--- Goal of the exercise ---
Transcribe all records exactly.

[Stored dataset items]

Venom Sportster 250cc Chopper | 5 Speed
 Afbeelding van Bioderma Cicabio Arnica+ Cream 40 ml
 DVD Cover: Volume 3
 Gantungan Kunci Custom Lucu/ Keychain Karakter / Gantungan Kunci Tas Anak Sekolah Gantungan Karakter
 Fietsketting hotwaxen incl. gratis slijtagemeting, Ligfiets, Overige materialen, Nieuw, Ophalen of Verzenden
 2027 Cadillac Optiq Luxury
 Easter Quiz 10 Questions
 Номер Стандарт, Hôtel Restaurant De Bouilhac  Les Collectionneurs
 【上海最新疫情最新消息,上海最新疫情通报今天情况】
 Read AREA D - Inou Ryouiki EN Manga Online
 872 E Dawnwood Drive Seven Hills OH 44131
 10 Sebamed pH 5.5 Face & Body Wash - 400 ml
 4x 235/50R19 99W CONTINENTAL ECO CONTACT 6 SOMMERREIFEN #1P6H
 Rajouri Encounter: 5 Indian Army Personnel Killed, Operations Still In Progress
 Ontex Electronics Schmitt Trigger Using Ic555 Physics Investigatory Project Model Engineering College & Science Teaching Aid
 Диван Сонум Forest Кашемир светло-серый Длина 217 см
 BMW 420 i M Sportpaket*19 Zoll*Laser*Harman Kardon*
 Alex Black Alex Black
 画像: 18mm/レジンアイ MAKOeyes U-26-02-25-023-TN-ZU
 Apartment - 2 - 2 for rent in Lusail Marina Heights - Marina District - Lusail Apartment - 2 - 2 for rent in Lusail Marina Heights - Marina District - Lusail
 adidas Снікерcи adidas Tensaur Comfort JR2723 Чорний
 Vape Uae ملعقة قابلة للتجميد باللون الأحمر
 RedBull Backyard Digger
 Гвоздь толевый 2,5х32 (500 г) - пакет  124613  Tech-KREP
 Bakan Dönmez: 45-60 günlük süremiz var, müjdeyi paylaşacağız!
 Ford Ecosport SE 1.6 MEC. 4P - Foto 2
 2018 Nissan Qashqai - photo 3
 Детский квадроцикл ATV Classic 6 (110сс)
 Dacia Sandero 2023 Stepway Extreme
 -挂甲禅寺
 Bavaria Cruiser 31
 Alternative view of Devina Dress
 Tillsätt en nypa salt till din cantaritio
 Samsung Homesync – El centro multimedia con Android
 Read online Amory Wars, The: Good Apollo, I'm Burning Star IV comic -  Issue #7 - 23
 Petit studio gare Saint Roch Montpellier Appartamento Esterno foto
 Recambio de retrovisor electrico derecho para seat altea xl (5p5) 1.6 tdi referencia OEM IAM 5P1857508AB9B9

--- Your response ---
Venom Sportster 250cc Chopper | 5 Speed
 Afbeelding van Bioderma Cicabio Arnica+ Cream 40 ml
 DVD Cover: Volume 3
 Gantungan Kunci Custom Lucu/ Keychain Karakter / Gantungan Kunci Tas Anak Sekolah Gantungan Karakter
 Fietsketting hotwaxen incl. gratis slijtagemeting, Ligfiets, Overige materialen, Nieuw, Ophalen of Verzenden
 2027 Cadillac Optiq Luxury
 Easter Quiz 10 Questions
 Номер Стандарт, Hôtel Restaurant De Bouilhac  Les Collectionneurs
 【上海最新疫情最新消息,上海最新疫情通报今天情况】
 Read AREA D - Inou Ryouiki EN Manga Online
 872 E Dawnwood Drive Seven Hills OH 44131
 10 Sebamed pH 5.5 Face & Body Wash - 400 ml
 4x 235/50R19 99W CONTINENTAL ECO CONTACT 6 SOMMERREIFEN #1P6H
 Rajouri Encounter: 5 Indian Army Personnel Killed, Operations Still In Progress
 Ontex Electronics Schmitt Trigger Using Ic555 Physics Investigatory Project Model Engineering College & Science Teaching Aid
 Диван Сонум Forest Кашемир светло-серый Длина 217 см
 BMW 420 i M Sportpaket*19 Zoll*Laser*Harman Kardon*
 Alex Black Alex Black
 画像: 18mm/レジンアイ MAKOeyes U-26-02-25-023-TN-ZU
 Apartment - 2 - 2 for rent in Lusail Marina Heights - Marina District - Lusail Apartment - 2 - 2 for rent in Lusail Marina Heights - Marina District - Lusail
 adidas Снікерcи adidas Tensaur Comfort JR2723 Чорний
 Vape Uae ملعقة قابلة للتجميد باللون الأحمر
 RedBull Backyard Digger
 Гвоздь толевый 2,5х32 (500 г) - пакет  124613  Tech-KREP
 Bakan Dönmez: 45-60 günlük süremiz var, müjdeyi paylaşacağız!
 Ford Ecosport SE 1.6 MEC. 4P - Foto 2
 2018 Nissan Qashqai - photo 3
 Детский квадроцикл ATV Classic 6 (110сс)
 Dacia Sandero 2023 Stepway Extreme
 -挂甲禅寺
 Bavaria Cruiser 31
 Alternative view of Devina Dress
 Tillsätt en nypa salt till din cantaritio
 Samsung Homesync – El centro multimedia con Android
 Read online Amory Wars, The: Good Apollo, I'm Burning Star IV comic -  Issue #7 - 23
 Petit studio gare Saint Roch Montpellier Appartamento Esterno foto
 Recambio de retrovisor electrico derecho para seat altea xl (5p5) 1.6 tdi referencia OEM IAM 5P1857508AB9B9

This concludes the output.